Thinking about edifices as reminders, we could say that Jews have the Torah as a construction code. The instructions of the fifth book, Deuteronomy, read this time of year, serve as a blueprint to build a better world. Each individual is zoned for goodness as mapped out by the Creator. These Yamim Noraim, days of awe, are a chance to go before the review board. We renovate our spiritual real estate - gauge our actions, re-engineer our approach and open the doors of our souls to behavior inspired by Heaven. We even place mezuzas, like construction permits, on the doorposts of our buildings.
Detailed instructions are prominently etched in our memories by Torah: care for the widow and orphan, leave something for the poor, treat your neighbor just as you would want to be treated.
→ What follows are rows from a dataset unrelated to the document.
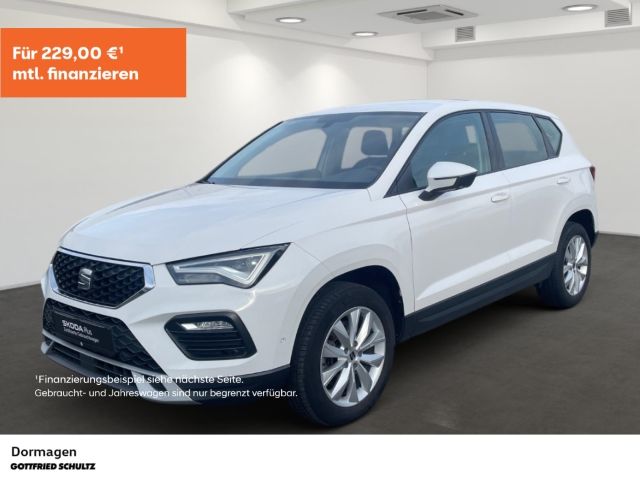 Seat Ateca 62.278 km 20.880 &euro; Dormagen 41540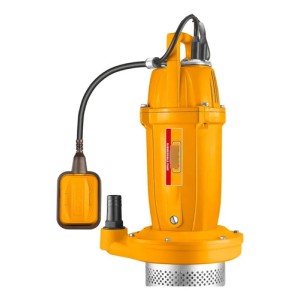 Bomba Sumergible Metalica 750w 1.0hp 32m Ingco Spc75068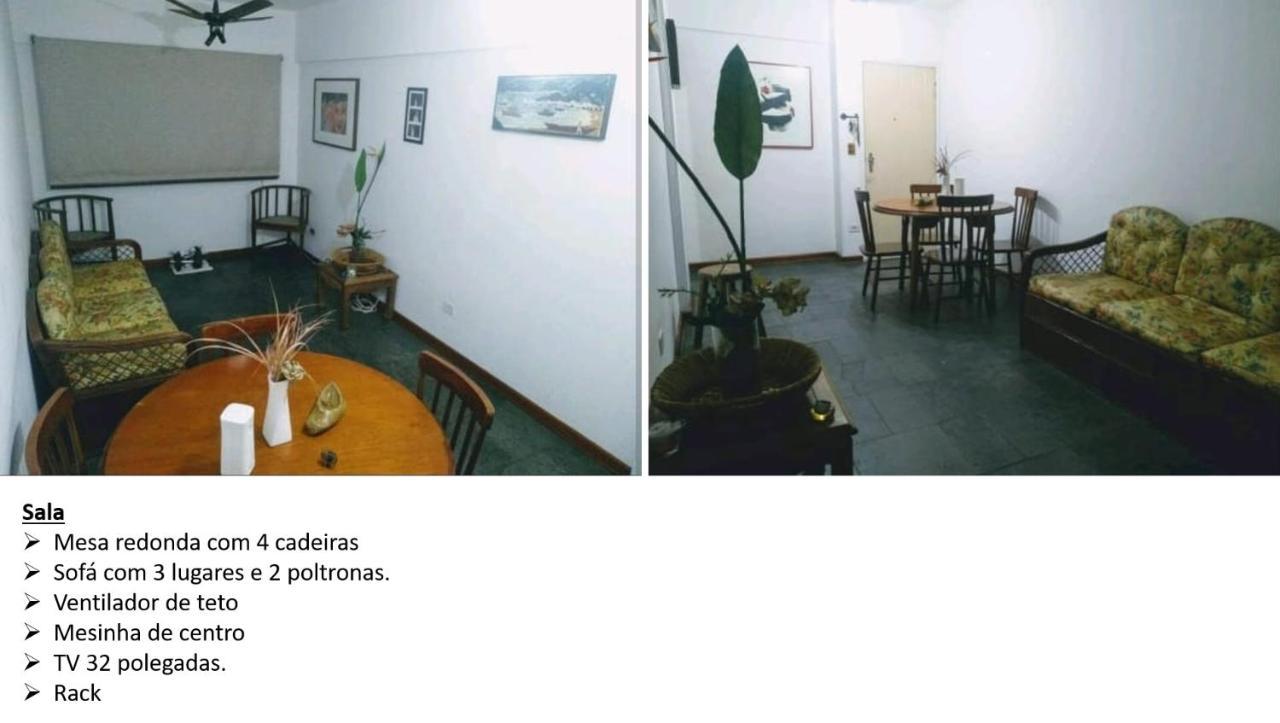Apartamento Beach Enseada Apartment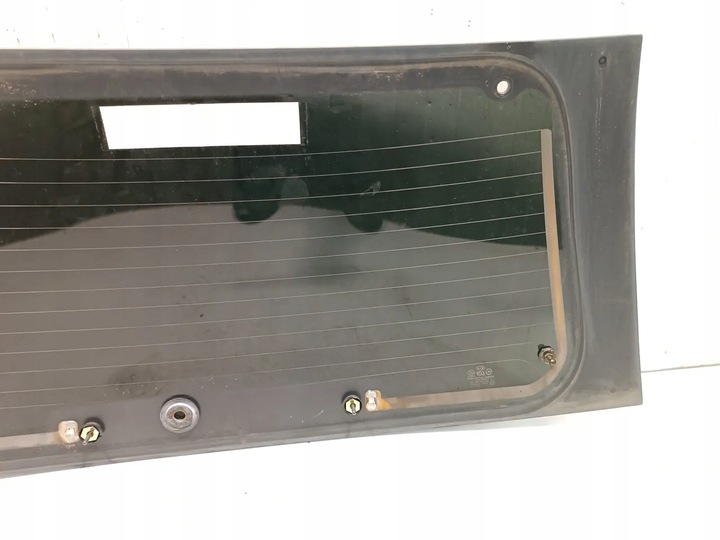 фото №7, Kia sportage скло кришки задньої / багажника 2005 suv 4/5dr 04-23 дизель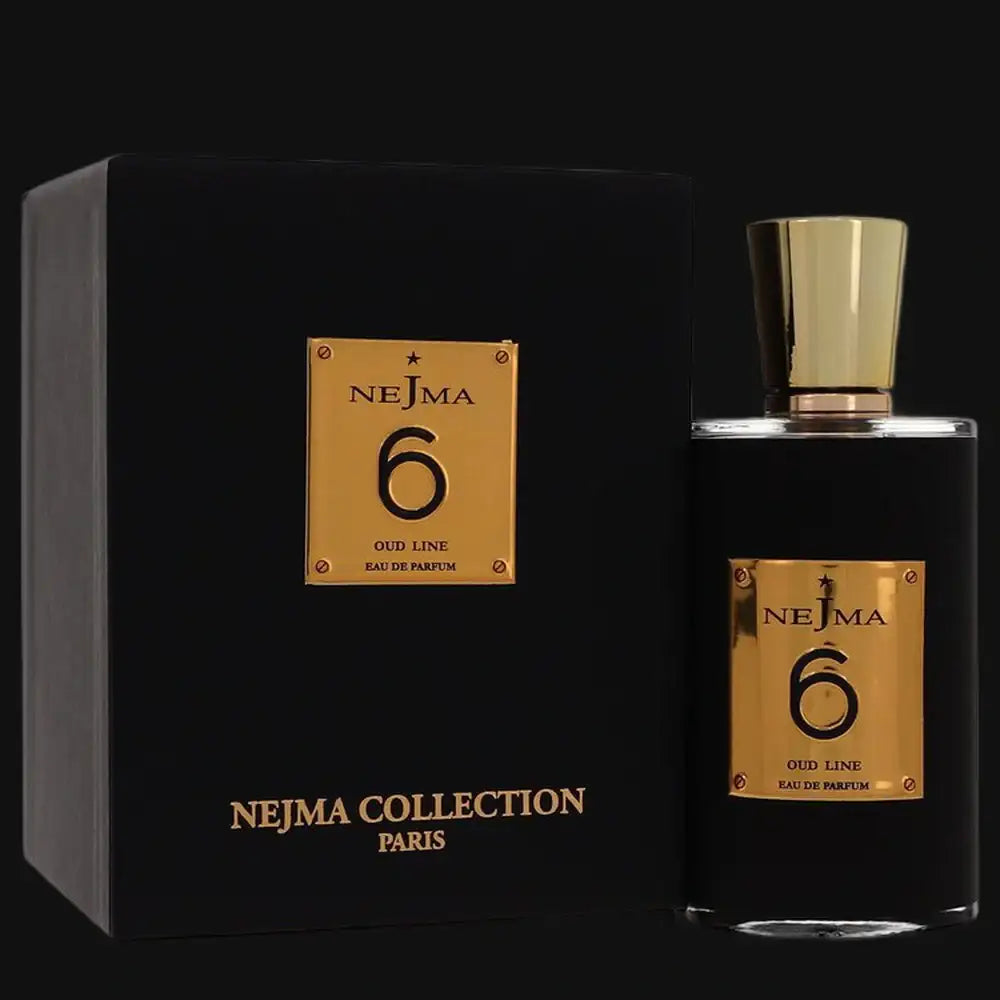 6 By Nejma Perfume for Women by Gamer Scents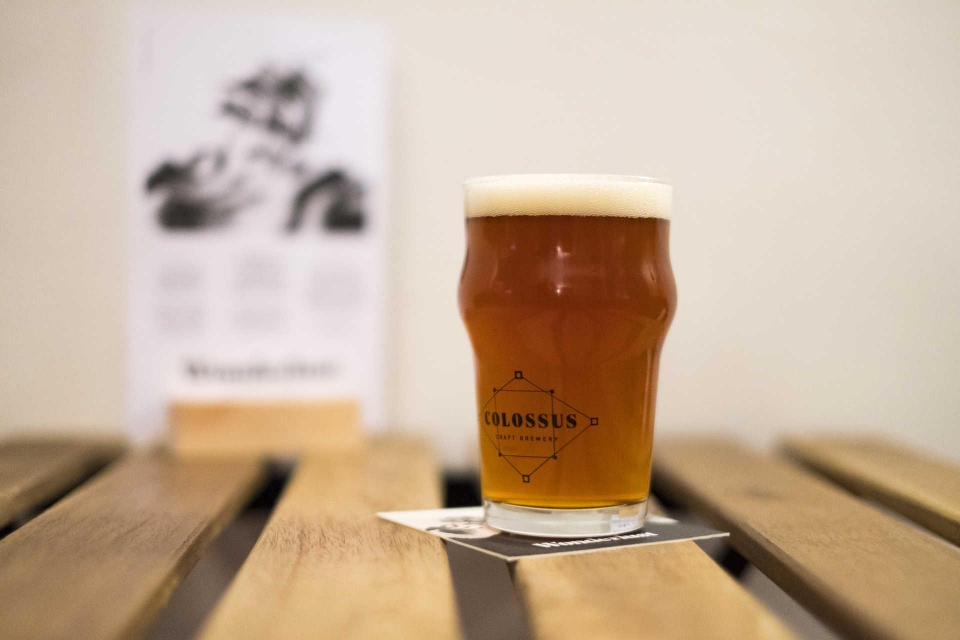 cerveja Colossus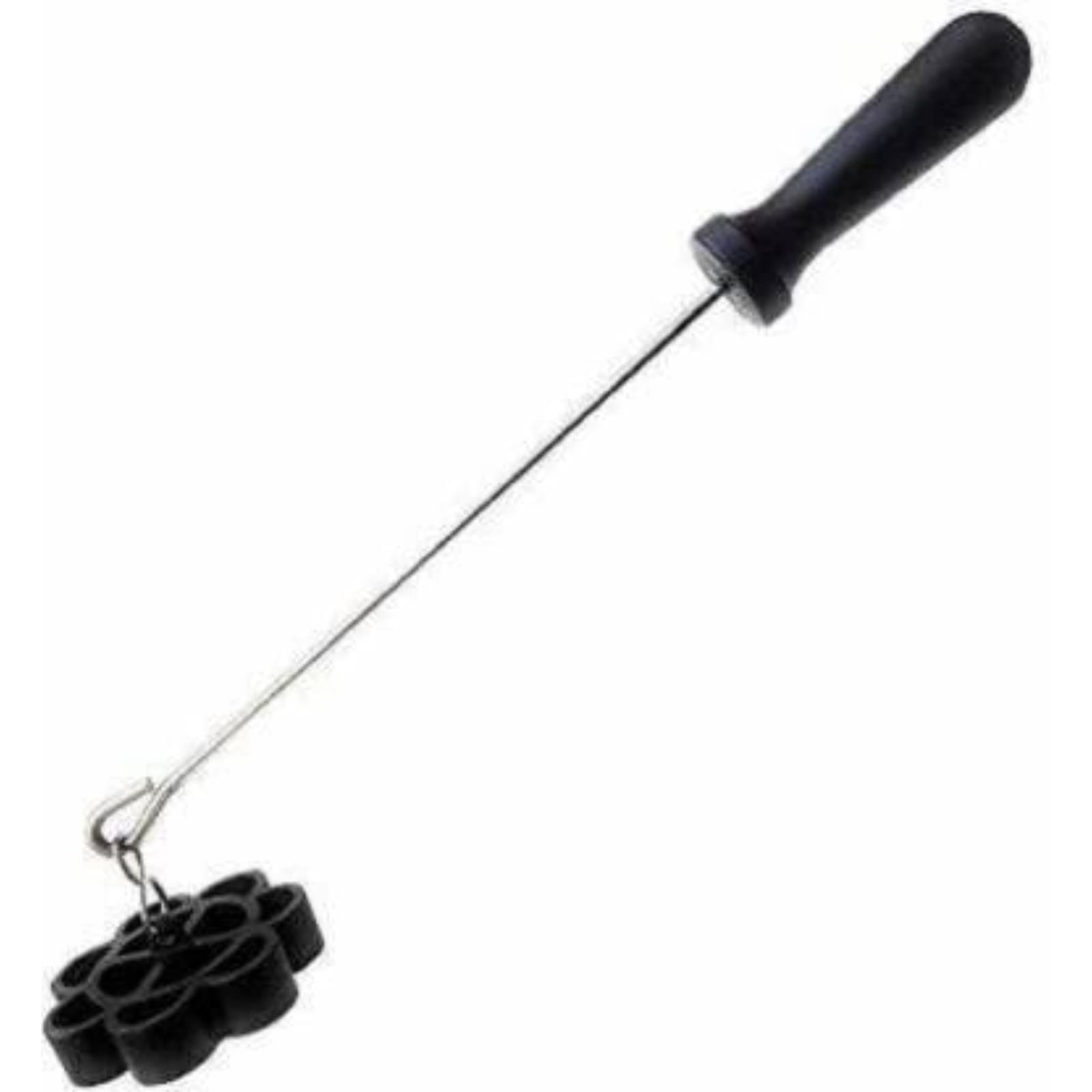 Non-Stick SBA PRIME Achappam Maker | Rose Cookie Maker with Stay Cool Handle | Traditional Indian Snack Mold for Achumurukku & Achappam | Perfect for Festivals, Tea Time & Family Gatherings (Pack of 1)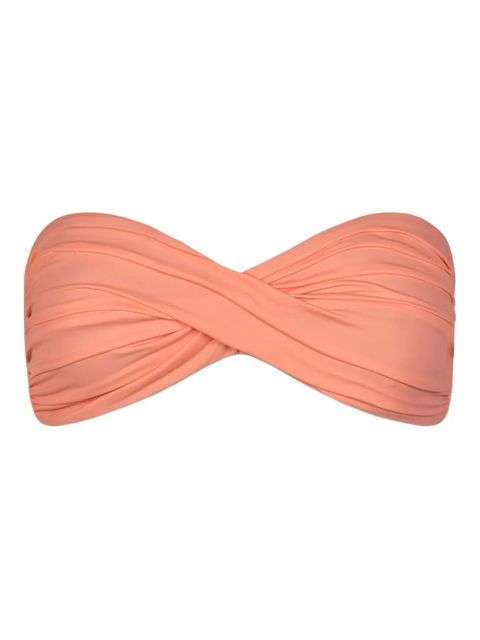 Johanna Ortiz Sea Sprite bikini top - Orange - zdjęcie produktu nr 1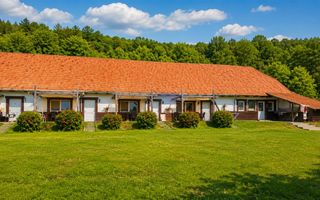 Transilvania Camping, domeniu de 14.400mp,Sanmarghita de Mures:2cladiri, apartam - Poză 1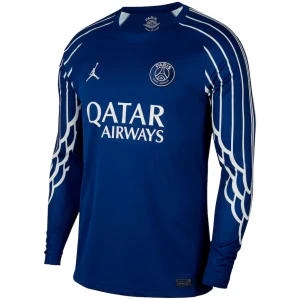 Maillot Quatrième PSG Homme Manches Longues 2024/25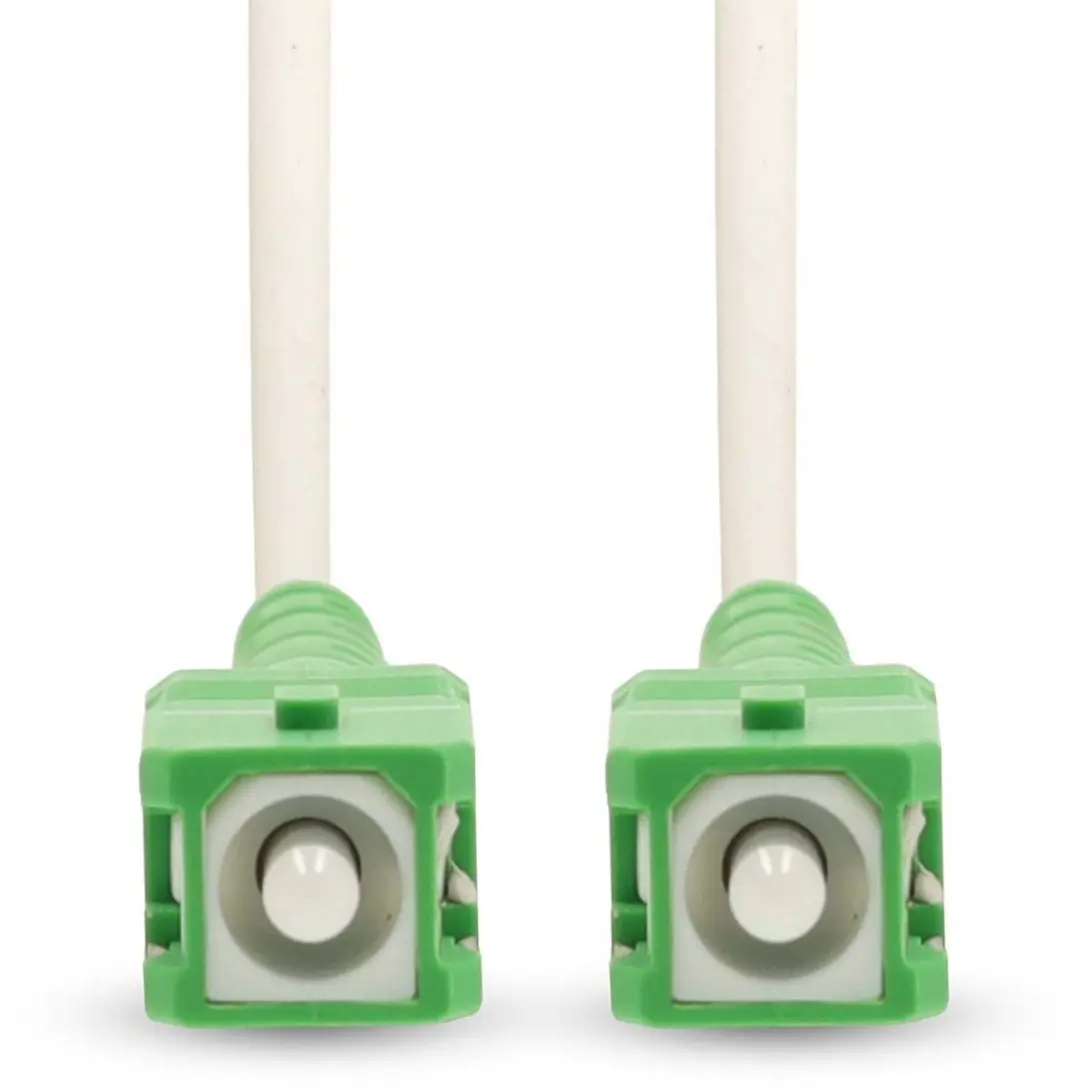 Nedis Glasvezel Patchkabel CCGB89600WT20 SC/APC - 2m Wit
Torah even teaches us to build a parapet around our roof so no one falls off. The rules and regulations, we call mitzvoth, are not lofty ideals but daily practices to be observed.
In parashat Nitzvaim, which we read this week before Rosh Hashanah, God states that these instructions are for us to actuate. It is not only in Heaven for deeds of loving-kindness to be performed. It is not across the sea for others to follow this moral path. We are not to rely on others, no less heavenly intercessors, to improve this world. Rather, it is in our hands to build this world from love. Each of us is employed as a construction worker on this project .
We must learn to activate the words of Torah with boundless humanity and earth saving actions. There is no limit to the goodness we can each bring to the world if inspired by a Heavenly standard. A world that has transcended prejudice and ended all slavery. A world that values honesty, integrity, and charity along with comfort and freedom.
As a rabbi in this paradigm, I get to serve as spiritual property inspector. My question for you is what will you do to construct Heaven right here on this earth? Start with your own soul renovation project and please start today.